To keep smart grids on track, particularly when that inevitable mishap happens, political fortitude will be required. Politicians must be able to explain the necessity of the changes to the community and to stare down a media and oppositions that will be looking for every chance to criticise governments.

We’ve already seen in Victoria that the rollout of the interval meter – which I consider the foundation for the smart grid –has hit some trouble.

It seems that the local media has decided households outlaying about a dollar a week for new technology that forms the basis of their future engagement in an energy efficient world is an unacceptable cost. The Victorian Government has responded by placing a moratorium on time-of-use tariffs, while the Opposition has ramped up the rhetoric to truly ridiculous volumes.

The really unacceptable cost would be to leave consumers without the technology to make direct and informed decisions about energy use. The short-sighted commentary on this initiative is especially disappointing.

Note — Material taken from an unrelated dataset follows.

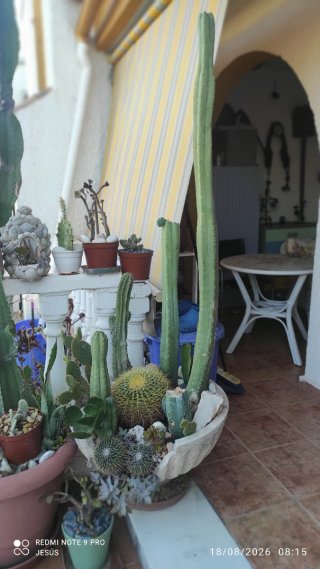 Cactus en maceta de barro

The second challenge to unlocking the benefits of smart grids is the potential for friction between different parts of the industry.

As I touched on earlier, one consequence of electricity reform was vertical and horizontal unbundling of the integrated SECs into separate businesses.

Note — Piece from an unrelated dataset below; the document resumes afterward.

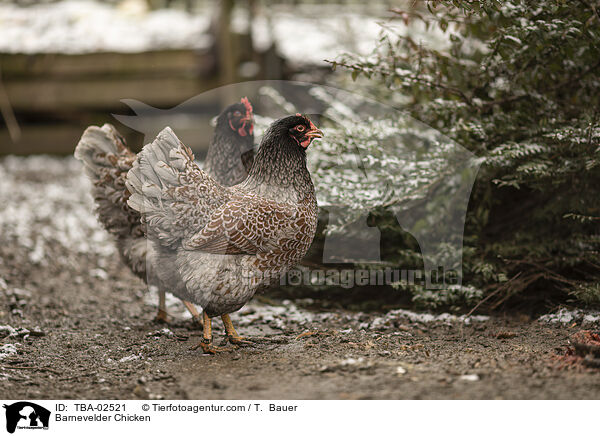 Barnevelder Chicken / TBA-02521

This restructuring has meant that Australia has benefited from competitive tensions and the resulting efficiencies.

But it also meant that some of the benefits of coordination within the supply chain were lost. The industry structure has become more complex.

Of particular relevance to smart grids is the separation of retail and distribution businesses in today’s supply chain. While in the initial phases of industry separation distributors and retailers were integrated, the retail arms were soon spun off from the regulated network business areas and are now largely different businesses with established distinct roles in the supply chain.

Network businesses handle connections and the investment and operation of the network. They have almost no relationship with the customers at the residential level.

Retailers on the other hand are all about the relationship with the customer. They compete to acquire customers and manage their wholesale energy purchases, billing, marketing and so on. Network charges are simply passed through to consumers by retailers.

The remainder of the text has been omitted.